Zo is het, dat Wij, de Raad van State gehoord, en met gemeen overleg der Staten-Generaal, hebben goedgevonden en verstaan, gelijk Wij goedvinden en verstaan bij deze:

4. Wijziging van bijzondere wetten in verband met de te treffen definitieve voorzieningen in kroongeschillen

5.1. Wijziging van wetten waarin beroep is opengesteld bij de Afdeling rechtspraak van de Raad van State en in verband met de intrekking van de Wet administratieve rechtspraak overheidsbeschikkingen

5.2. Wijziging van sociale-zekerheidswetten en (andere) wetten van het Ministerie van Sociale Zaken en Werkgelegenheid en van het Ministerie van Welzijn, Volksgezondheid en Cultuur, mede ter aanpassing aan de eerste tranche van de Algemene wet bestuursrecht

6. Overgangs- en slotbepalingen

Artikel I

  • 1 Ten aanzien van het nemen van besluiten die zijn aangevraagd voor de datum van inwerkingtreding van deze wet en ambtshalve te nemen besluiten die binnen dertien weken na dat tijdstip zijn bekendgemaakt, blijft het recht zoals het gold voor dat tijdstip van toepassing.

  • 2 Ten aanzien van de mogelijkheid om bezwaar te maken of beroep in te stellen tegen een besluit dat voor de datum van inwerkingtreding van deze wet is bekendgemaakt, blijft het recht zoals het gold voor dat tijdstip van toepassing, met dien verstande dat de Afdeling bestuursrechtspraak in de plaats treedt van de Afdeling voor de geschillen van bestuur of de Afdeling rechtspraak van de Raad van State.
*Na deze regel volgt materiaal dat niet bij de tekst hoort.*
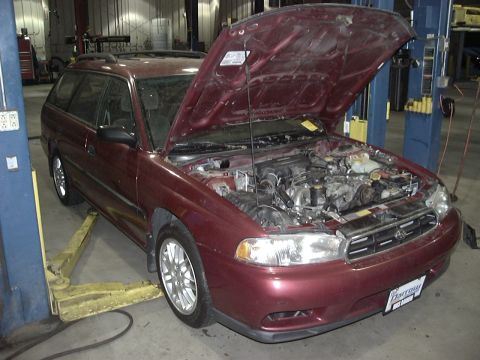 1998 Subaru Legacy “Wagoon”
De eerste volzin is van overeenkomstige toepassing ten aanzien van de mogelijkheid om hoger beroep of beroep in cassatie in te stellen.
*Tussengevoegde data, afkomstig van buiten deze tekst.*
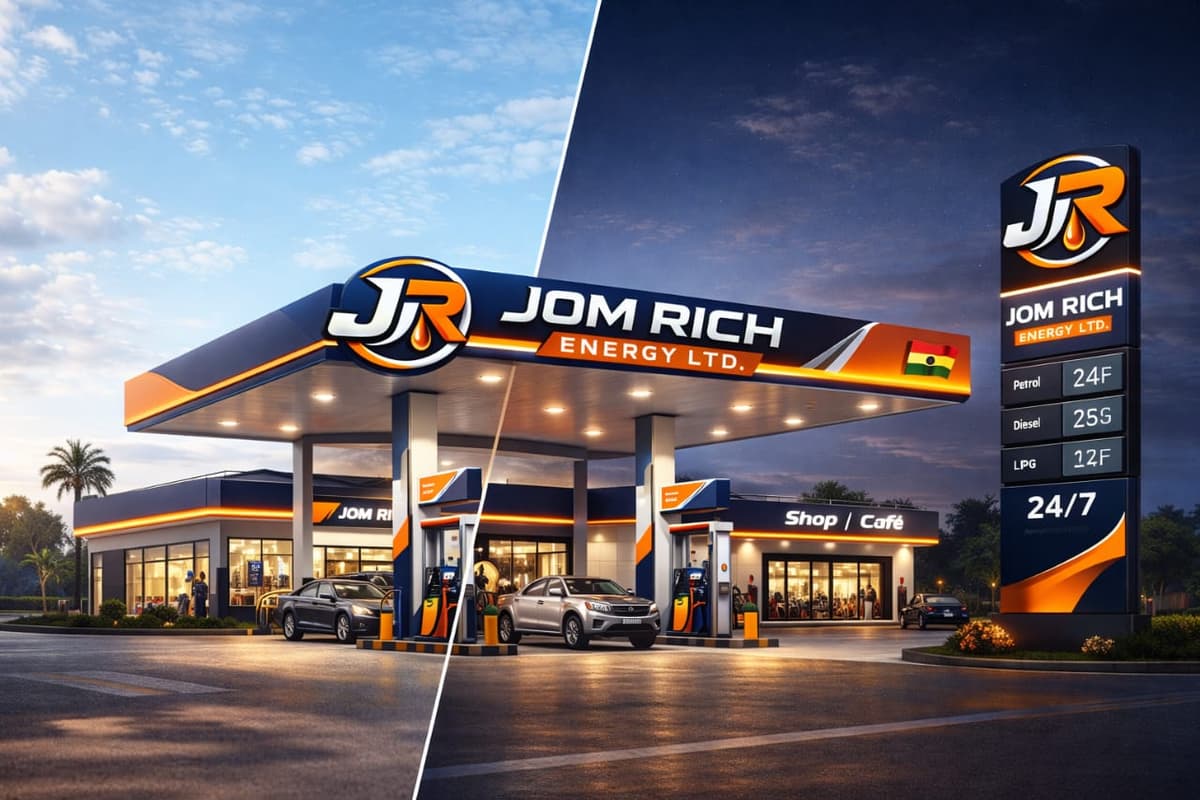 Jom Rich Energy Station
  • 3 Ten aanzien van de behandeling van bezwaar of beroep dat voor de datum van inwerkingtreding van deze wet is gemaakt onderscheidenlijk is ingesteld, blijft behoudens het zesde en zevende lid het recht zoals het gold voor dat tijdstip van toepassing, met dien verstande dat de Afdeling bestuursrechtspraak in de plaats treedt van de Afdeling voor de geschillen van bestuur of de Afdeling rechtspraak van de Raad van State. De eerste volzin is van overeenkomstige toepassing ten aanzien van de behandeling van hoger beroep of beroep in cassatie.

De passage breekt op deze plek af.